_DIRECTIONS FOR THIS TASK_. Within the entries below, please return exactly the lines from the one with "Product Thumbnail Image 8 of 13" through the one with "dansploit roblox|Dansploit Tutorial .", leaving out any pictures.

INPUT below:

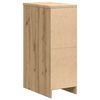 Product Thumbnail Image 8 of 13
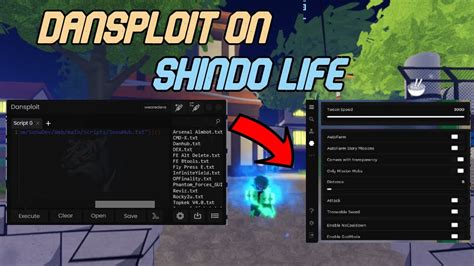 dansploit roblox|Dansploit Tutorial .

End of INPUT.
INPUT below:

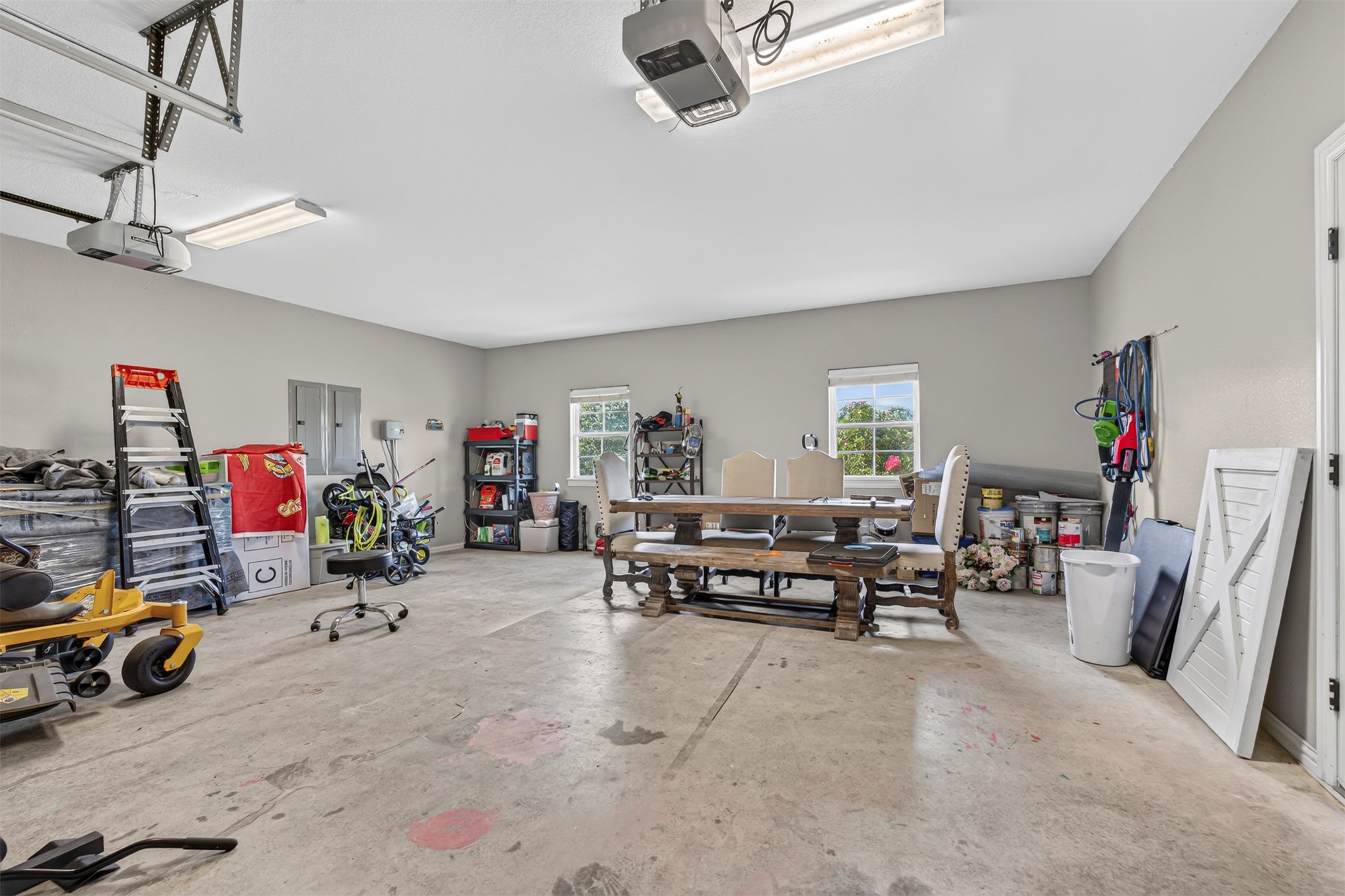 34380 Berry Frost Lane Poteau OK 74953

End of INPUT.

_SOLUTION BELOW_.
 Product Thumbnail Image 8 of 13
 dansploit roblox|Dansploit Tutorial .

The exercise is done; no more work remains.